┌──

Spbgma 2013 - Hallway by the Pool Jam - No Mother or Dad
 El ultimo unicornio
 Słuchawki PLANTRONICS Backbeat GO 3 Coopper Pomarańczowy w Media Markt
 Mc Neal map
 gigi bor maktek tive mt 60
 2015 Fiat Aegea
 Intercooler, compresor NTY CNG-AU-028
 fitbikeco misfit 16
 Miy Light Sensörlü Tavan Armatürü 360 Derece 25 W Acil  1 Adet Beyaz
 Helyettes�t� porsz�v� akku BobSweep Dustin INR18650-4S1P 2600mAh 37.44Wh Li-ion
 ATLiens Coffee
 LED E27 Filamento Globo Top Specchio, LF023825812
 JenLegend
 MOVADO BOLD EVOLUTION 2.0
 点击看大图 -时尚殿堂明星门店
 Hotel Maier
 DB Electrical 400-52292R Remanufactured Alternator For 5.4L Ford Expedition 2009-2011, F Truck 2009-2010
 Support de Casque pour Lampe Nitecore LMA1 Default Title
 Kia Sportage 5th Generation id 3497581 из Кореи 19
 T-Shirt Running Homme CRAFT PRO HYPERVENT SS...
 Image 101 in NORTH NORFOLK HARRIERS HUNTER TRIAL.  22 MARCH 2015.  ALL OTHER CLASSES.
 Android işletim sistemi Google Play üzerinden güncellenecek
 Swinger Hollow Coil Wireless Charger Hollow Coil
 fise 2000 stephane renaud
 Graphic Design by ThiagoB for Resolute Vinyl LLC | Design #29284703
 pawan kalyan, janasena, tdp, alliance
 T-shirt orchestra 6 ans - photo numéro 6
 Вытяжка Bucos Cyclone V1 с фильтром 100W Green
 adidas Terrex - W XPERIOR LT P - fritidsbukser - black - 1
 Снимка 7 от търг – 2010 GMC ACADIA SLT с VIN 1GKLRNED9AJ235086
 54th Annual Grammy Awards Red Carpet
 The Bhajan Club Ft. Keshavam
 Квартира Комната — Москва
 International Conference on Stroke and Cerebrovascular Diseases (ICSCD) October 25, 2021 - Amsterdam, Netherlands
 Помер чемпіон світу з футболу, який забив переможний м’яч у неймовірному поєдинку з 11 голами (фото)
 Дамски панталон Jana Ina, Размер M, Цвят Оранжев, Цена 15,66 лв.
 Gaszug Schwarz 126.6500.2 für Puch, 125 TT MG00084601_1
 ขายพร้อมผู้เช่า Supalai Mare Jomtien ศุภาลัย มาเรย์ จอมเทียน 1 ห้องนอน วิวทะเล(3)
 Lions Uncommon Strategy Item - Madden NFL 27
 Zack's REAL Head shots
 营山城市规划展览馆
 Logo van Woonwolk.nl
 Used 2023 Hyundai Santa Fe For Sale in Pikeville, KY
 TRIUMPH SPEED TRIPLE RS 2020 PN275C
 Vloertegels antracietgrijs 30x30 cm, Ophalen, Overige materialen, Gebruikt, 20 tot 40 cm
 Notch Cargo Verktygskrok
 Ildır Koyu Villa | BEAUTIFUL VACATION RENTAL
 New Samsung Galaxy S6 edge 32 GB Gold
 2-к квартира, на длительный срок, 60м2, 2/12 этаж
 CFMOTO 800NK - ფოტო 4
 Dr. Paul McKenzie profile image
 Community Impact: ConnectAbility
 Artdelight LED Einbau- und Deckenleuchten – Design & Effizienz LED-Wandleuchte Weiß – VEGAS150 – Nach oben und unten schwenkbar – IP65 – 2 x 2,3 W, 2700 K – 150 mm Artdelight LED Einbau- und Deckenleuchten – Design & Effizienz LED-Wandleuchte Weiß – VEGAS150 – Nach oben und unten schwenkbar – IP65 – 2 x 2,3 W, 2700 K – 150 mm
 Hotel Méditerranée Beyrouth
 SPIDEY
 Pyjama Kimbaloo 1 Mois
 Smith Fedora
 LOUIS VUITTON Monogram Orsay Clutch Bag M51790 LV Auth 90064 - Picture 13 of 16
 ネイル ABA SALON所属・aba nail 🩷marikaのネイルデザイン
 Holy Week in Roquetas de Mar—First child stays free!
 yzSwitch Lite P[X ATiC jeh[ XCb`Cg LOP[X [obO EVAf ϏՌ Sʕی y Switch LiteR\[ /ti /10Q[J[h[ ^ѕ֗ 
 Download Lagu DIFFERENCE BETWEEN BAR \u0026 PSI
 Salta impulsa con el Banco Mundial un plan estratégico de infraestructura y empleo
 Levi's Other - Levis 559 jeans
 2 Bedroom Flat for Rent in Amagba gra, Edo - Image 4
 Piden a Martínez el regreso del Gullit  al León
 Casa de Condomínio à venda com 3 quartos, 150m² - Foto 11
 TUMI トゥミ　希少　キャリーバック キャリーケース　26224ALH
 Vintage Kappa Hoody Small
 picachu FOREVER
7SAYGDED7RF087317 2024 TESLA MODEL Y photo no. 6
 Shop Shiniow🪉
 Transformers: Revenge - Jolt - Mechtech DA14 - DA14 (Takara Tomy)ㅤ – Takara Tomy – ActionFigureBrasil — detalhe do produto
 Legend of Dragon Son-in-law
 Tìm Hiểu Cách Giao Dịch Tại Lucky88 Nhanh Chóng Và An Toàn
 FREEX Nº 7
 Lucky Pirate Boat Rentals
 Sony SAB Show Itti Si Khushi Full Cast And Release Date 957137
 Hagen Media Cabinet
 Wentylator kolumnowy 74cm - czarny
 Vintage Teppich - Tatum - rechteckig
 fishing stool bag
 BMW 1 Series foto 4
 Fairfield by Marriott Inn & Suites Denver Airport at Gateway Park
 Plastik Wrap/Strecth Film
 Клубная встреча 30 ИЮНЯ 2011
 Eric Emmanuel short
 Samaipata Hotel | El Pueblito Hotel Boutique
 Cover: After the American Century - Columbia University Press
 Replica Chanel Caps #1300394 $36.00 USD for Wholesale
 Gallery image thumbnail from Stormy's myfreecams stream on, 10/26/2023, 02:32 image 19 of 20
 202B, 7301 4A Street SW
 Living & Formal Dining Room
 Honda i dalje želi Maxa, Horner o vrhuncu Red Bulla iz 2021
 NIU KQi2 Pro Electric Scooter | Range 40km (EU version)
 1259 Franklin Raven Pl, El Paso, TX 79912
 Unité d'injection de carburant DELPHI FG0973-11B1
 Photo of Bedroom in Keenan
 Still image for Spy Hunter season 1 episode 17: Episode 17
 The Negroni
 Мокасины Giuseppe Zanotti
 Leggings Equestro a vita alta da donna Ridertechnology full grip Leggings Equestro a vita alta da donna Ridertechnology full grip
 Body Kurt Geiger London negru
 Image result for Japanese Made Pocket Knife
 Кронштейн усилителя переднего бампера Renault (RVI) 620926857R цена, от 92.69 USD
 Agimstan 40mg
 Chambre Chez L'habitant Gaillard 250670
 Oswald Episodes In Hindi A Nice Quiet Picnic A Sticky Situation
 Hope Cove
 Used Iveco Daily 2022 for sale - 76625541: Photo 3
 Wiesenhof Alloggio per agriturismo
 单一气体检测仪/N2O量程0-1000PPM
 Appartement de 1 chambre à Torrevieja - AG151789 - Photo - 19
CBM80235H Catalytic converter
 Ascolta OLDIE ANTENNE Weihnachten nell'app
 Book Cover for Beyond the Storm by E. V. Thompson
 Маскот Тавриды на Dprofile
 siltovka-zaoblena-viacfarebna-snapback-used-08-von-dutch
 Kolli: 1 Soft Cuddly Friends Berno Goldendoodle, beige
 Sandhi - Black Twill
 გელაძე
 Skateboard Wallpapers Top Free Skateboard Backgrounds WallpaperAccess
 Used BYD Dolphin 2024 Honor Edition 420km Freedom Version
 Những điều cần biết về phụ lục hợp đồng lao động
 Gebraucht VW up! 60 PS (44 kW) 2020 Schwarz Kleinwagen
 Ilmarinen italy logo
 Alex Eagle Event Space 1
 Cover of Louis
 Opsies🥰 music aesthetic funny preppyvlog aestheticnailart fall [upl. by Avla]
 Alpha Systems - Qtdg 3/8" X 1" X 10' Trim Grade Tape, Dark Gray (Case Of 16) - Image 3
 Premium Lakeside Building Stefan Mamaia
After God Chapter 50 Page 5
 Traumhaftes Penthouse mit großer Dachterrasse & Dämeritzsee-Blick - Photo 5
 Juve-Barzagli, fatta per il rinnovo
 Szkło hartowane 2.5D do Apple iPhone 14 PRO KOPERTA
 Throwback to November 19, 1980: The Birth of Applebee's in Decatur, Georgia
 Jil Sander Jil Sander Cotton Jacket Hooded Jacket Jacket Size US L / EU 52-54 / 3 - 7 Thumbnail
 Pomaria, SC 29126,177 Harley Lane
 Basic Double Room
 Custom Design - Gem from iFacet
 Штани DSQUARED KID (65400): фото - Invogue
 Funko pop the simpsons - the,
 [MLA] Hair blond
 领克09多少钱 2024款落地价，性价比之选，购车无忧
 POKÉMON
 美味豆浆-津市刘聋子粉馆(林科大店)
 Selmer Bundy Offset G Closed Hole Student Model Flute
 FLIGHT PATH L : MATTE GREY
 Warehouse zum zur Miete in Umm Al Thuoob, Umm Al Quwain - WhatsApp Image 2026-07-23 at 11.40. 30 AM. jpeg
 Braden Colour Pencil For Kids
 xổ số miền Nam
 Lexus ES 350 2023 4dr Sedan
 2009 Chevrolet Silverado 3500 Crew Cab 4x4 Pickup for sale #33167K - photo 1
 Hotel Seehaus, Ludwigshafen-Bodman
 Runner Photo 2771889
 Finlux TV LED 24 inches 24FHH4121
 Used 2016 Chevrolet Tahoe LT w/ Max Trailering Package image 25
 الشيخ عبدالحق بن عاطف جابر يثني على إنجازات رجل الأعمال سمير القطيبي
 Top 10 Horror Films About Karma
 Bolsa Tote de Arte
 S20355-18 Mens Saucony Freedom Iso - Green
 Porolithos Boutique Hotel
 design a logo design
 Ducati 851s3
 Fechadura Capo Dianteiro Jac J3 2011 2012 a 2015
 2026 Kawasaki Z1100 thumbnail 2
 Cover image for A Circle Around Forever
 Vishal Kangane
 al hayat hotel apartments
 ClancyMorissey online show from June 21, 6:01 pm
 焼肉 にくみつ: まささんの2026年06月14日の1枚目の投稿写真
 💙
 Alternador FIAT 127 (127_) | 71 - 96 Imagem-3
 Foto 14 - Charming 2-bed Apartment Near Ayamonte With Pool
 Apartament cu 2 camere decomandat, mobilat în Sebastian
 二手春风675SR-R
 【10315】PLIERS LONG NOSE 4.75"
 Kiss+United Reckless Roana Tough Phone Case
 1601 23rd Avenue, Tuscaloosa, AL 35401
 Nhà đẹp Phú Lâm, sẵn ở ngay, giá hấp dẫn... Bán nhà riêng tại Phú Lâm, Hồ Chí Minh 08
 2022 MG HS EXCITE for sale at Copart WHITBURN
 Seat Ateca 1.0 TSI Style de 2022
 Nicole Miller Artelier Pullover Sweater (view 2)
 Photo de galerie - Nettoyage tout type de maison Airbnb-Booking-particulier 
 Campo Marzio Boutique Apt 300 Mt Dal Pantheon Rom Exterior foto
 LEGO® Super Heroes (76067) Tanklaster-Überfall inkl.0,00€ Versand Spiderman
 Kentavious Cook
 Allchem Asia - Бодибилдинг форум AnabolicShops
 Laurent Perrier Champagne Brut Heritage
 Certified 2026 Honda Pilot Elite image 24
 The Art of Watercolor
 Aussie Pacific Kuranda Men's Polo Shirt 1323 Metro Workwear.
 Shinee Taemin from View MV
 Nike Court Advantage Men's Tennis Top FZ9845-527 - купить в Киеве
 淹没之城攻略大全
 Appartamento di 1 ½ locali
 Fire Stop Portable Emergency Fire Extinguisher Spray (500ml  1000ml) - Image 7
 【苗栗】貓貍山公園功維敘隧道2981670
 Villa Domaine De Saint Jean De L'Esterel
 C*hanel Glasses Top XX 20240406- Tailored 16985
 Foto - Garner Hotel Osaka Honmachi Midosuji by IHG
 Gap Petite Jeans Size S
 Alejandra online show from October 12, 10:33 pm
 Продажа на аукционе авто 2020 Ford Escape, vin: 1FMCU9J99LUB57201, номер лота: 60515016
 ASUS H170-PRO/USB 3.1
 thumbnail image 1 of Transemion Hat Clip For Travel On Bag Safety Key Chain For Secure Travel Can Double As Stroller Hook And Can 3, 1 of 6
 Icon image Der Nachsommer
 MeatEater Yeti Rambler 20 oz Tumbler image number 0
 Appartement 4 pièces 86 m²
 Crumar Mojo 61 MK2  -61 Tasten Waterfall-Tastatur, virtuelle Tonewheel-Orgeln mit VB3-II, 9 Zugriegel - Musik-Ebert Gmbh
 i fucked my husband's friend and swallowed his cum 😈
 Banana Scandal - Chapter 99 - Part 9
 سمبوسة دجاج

└──

Exercise brief: Some lines above contain the word "Double". Copy each of them.

Task response:
 Basic Double Room
 thumbnail image 1 of Transemion Hat Clip For Travel On Bag Safety Key Chain For Secure Travel Can Double As Stroller Hook And Can 3, 1 of 6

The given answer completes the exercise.